I've tried to initialize csc_matrix
and csr_matrix
from a list of (data, (rows, cols))
values as the documentation suggests.
sparse = csc_matrix((data, (rows, cols)), shape=(n, n))
The problem is that, the method that I actually have for generating the data
, rows
and cols
vectors introduces duplicates for some points. By default, scipy adds the values of the duplicate entries. However, in my case, those duplicates have exactly the same value in data
for a given (row, col)
.
What I'm trying to achieve is to make scipy ignore the second entry if already exists one, instead of adding them.
Ignoring the fact that I could improve the generation algorithm to avoid generating duplicates, is there a parameter or another way of creating a sparse matrix that ignores duplicates?

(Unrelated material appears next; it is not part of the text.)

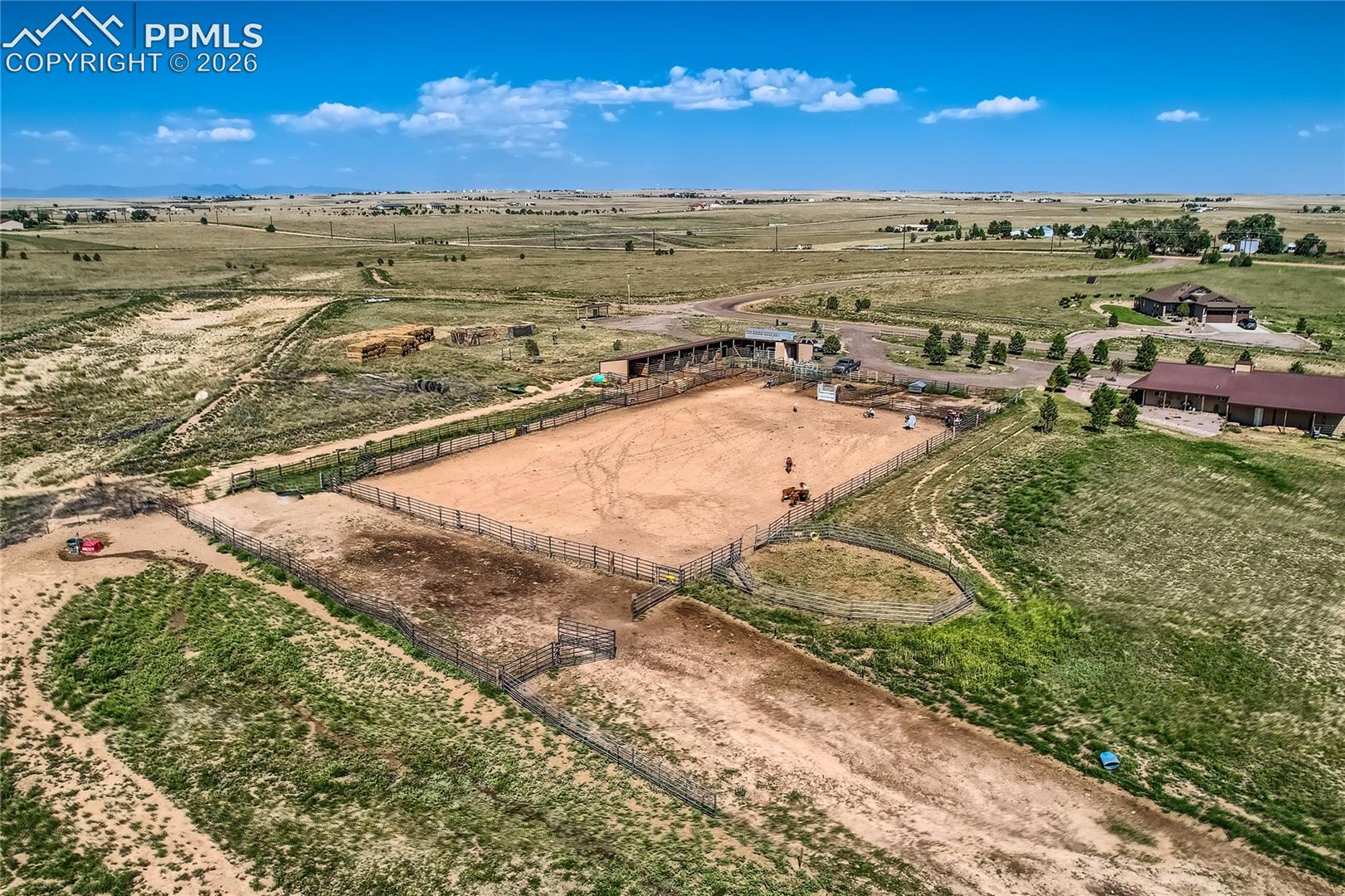 COMMUNITY BARN, ARENA & STALLS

Currently two entries with data = [4, 4]; cols = [1, 1]; rows = [1, 1];
generate a sparse matrix which value at (1,1)
is 8
while the desired value is 4
.
>>> c = csc_matrix(([4, 4], ([1,1],[1,1])), shape=(3,3))
>>> c.todense()
matrix([[0, 0, 0],
[0, 8, 0],
[0, 0, 0]])
I'm also aware that I could filter them by using a 2-dimensional numpy unique
function, but lists are quite large so this is not really a valid option.
Other possible answer to the question: Is there any way of specifying what to do with duplicates? i.e. keeping the min
or max
instead of the default sum
?